◆ **TASK OBJECTIVE**: Set the images aside and retype the whole listing exactly.
(RAW DATA Opens)
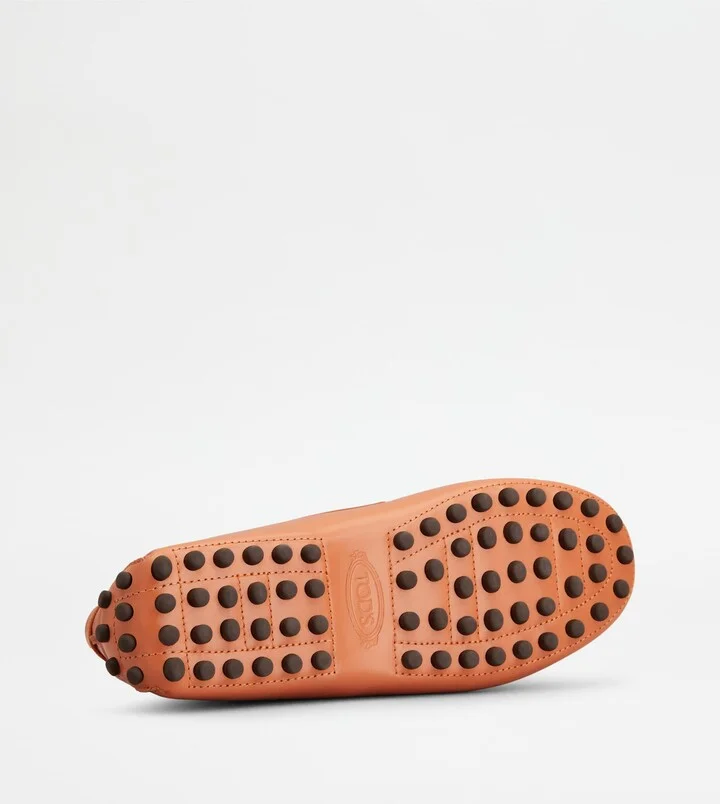 Gommino Driving Shoes in Leather - Image 4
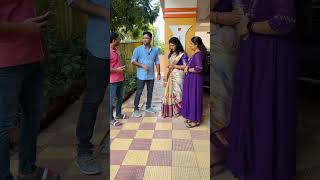 ilanti valanu em cheyali chepandi 😡 comedy telugucomedycouple funny couple shorts [upl. by Alguire]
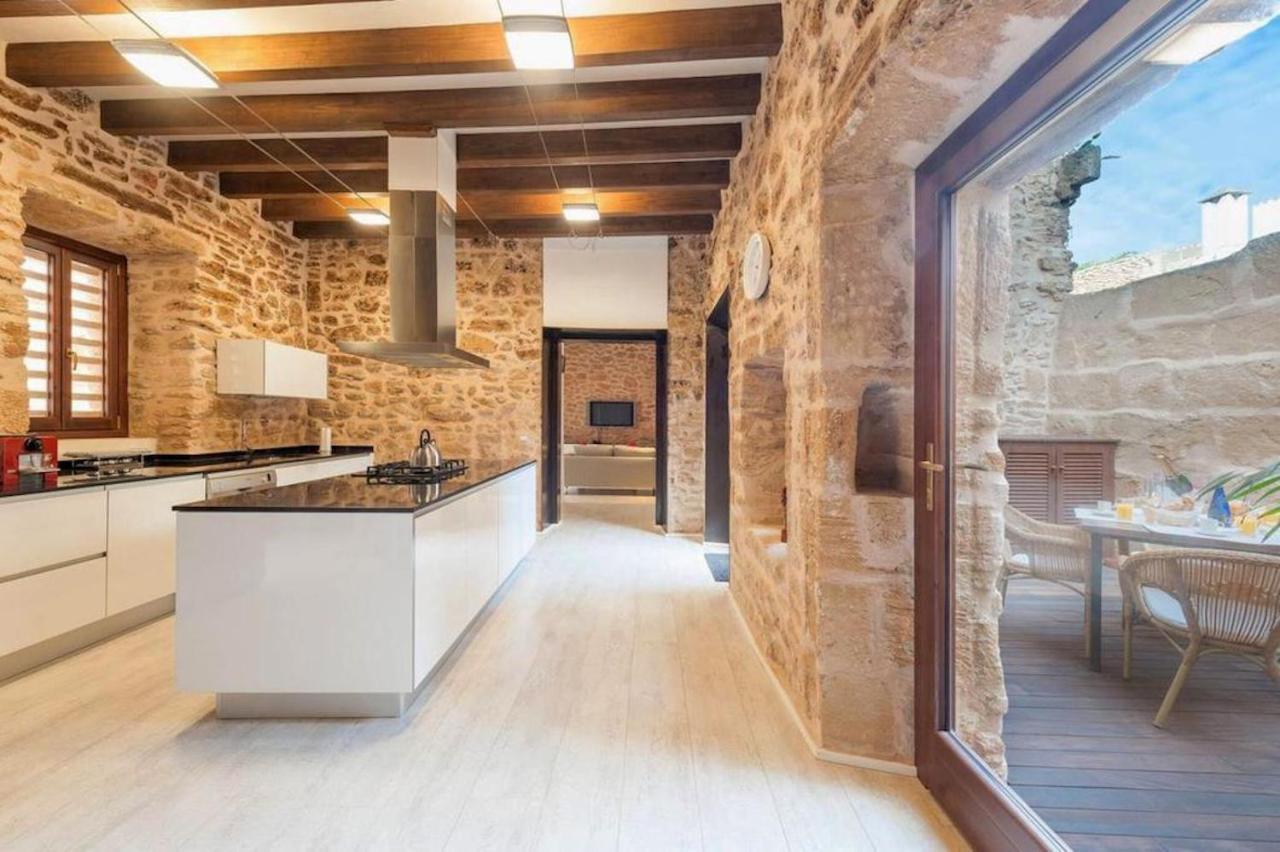 Casa Sa Pedra, en el centro histórico de Alcudia Alcúdia Exterior foto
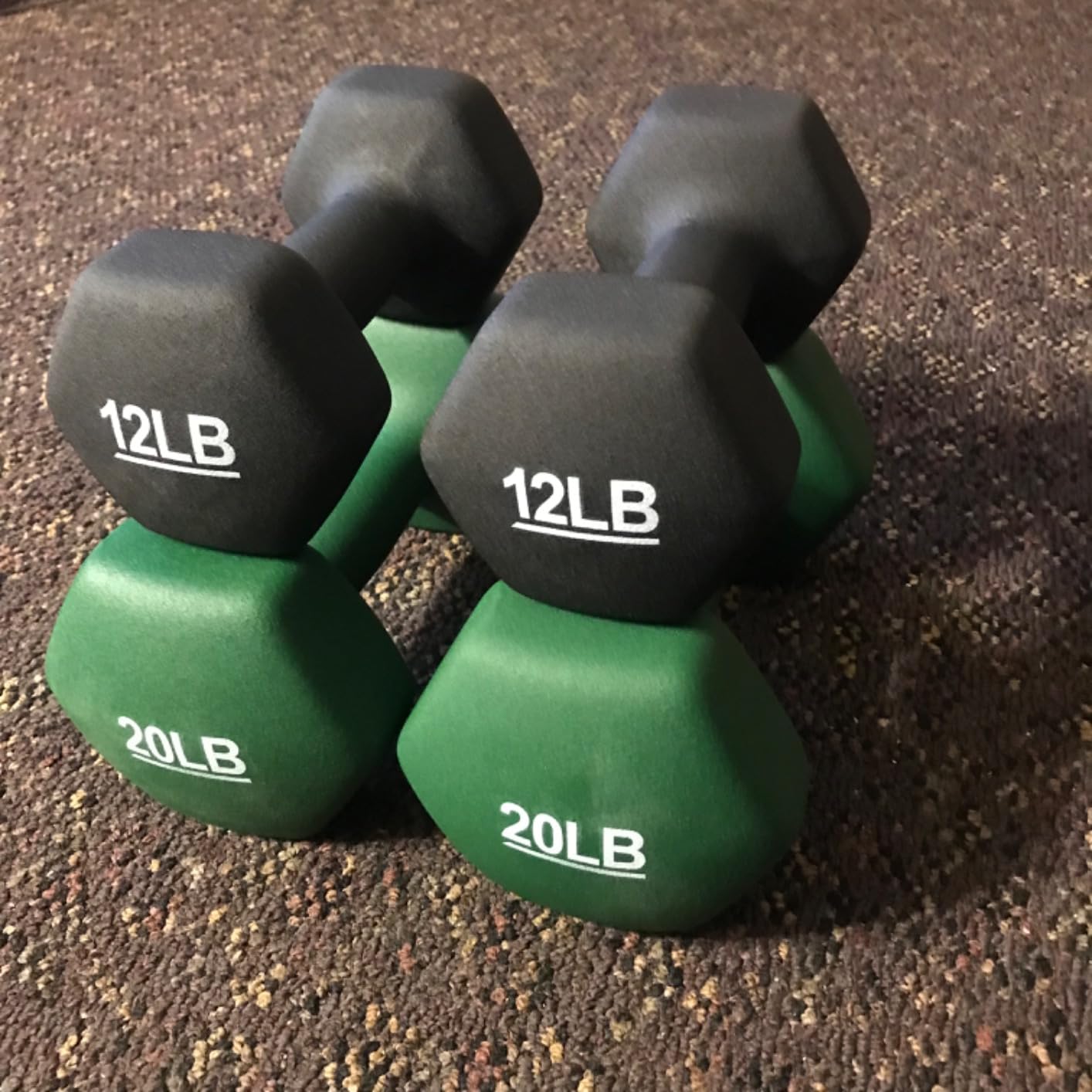 Amazon Basics Neoprene Dumbbell Hand Weights for Exercise and Muscle Toning customer photo 1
(RAW DATA Closes)
◆ **ANSWER BOX**:
 Gommino Driving Shoes in Leather - Image 4
 ilanti valanu em cheyali chepandi 😡 comedy telugucomedycouple funny couple shorts [upl. by Alguire]
 Casa Sa Pedra, en el centro histórico de Alcudia Alcúdia Exterior foto
 Amazon Basics Neoprene Dumbbell Hand Weights for Exercise and Muscle Toning customer photo 1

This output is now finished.